■ **Short web captions**:
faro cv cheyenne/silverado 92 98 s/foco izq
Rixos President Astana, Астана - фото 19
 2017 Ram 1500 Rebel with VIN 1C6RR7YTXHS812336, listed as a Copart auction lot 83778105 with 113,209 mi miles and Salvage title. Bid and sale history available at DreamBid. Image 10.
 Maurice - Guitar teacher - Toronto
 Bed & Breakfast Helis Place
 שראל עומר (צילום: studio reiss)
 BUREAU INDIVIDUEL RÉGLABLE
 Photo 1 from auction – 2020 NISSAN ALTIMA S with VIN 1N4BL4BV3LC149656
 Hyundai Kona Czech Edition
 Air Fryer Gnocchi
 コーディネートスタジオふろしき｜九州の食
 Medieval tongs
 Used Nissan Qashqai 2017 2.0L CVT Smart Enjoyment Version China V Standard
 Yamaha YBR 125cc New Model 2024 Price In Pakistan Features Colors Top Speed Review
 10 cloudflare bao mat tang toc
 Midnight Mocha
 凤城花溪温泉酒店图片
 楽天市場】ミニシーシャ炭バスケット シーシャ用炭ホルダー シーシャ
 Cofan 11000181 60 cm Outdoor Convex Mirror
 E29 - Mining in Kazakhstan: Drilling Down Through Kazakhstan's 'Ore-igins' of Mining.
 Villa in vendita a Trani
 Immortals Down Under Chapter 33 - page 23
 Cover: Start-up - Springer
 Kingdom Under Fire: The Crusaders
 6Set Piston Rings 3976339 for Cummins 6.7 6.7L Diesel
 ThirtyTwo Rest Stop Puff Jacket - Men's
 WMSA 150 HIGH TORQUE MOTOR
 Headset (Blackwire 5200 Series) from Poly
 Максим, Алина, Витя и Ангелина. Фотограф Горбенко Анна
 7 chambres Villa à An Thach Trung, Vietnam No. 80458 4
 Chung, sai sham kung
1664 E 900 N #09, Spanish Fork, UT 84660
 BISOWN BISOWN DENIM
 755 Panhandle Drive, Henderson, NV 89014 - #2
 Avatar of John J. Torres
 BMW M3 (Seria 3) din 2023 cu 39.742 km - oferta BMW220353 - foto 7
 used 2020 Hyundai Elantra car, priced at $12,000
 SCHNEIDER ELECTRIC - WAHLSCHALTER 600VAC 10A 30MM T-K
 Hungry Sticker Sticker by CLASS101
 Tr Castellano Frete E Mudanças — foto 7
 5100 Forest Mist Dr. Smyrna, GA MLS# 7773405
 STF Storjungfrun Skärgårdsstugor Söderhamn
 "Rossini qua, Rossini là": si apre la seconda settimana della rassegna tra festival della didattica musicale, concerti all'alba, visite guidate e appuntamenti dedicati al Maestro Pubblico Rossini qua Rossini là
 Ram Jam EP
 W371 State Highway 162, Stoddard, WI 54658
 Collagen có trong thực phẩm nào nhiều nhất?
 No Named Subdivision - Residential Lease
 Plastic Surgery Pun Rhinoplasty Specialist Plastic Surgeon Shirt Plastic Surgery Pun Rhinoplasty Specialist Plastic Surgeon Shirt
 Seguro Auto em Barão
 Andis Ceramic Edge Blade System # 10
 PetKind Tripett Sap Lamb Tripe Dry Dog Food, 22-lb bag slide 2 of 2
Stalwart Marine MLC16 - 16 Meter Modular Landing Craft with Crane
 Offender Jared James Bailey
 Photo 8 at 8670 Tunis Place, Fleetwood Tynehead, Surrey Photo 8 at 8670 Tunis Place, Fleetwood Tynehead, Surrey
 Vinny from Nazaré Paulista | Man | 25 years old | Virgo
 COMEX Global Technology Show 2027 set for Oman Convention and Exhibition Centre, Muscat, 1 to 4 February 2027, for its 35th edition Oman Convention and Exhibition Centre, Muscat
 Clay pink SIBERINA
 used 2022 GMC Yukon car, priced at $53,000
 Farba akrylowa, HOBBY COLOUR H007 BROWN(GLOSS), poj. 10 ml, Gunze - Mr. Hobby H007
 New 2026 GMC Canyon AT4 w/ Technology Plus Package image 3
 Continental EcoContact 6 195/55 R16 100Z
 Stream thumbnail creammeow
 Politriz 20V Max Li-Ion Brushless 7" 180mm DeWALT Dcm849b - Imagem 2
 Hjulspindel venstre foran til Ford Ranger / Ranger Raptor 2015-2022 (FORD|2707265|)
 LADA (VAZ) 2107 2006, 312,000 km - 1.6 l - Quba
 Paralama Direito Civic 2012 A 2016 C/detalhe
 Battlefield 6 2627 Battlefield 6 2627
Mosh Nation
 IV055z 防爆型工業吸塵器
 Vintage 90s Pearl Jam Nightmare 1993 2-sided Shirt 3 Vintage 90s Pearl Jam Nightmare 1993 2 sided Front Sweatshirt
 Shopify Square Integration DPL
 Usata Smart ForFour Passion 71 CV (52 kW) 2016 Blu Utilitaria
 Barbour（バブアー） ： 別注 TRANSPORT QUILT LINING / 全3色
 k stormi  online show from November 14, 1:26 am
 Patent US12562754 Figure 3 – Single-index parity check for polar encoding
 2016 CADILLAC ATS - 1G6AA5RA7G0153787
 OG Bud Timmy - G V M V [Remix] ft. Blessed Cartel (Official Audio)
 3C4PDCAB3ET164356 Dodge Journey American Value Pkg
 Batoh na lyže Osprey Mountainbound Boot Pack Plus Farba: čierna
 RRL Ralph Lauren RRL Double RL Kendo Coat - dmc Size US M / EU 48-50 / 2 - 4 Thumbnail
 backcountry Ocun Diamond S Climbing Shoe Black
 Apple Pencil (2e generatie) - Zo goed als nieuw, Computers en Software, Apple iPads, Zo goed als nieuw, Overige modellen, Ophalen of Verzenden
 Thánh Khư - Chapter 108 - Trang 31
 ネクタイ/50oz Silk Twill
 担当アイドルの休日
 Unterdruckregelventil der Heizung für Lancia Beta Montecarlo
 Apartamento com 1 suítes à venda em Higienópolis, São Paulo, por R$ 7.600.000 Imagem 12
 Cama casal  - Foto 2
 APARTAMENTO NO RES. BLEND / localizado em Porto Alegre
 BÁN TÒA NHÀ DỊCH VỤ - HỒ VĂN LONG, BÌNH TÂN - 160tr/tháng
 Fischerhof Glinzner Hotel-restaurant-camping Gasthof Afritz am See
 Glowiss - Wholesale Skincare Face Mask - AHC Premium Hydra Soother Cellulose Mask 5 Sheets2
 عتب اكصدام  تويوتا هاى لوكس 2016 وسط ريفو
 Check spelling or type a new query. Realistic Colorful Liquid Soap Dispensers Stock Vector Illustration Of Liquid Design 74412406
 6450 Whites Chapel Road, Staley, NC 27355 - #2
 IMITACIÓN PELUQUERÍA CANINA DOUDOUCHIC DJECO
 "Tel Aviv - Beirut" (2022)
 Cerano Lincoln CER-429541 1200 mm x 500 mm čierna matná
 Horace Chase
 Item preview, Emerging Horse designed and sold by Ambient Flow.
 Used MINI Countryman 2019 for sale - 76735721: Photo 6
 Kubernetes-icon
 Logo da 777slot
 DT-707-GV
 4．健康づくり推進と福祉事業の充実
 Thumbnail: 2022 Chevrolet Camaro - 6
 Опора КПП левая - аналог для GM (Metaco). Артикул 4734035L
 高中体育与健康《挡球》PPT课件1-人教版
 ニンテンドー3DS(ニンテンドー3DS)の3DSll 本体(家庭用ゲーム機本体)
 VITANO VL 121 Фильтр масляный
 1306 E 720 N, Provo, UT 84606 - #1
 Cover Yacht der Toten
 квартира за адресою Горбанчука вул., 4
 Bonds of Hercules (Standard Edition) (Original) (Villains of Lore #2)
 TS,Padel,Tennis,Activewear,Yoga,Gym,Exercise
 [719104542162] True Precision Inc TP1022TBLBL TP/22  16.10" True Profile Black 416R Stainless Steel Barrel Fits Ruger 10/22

■ **Exercise description**: Report each line in the data above that holds the word "Cover" by copying it.

■ **Solution**:
 Cover: Start-up - Springer
 Cover Yacht der Toten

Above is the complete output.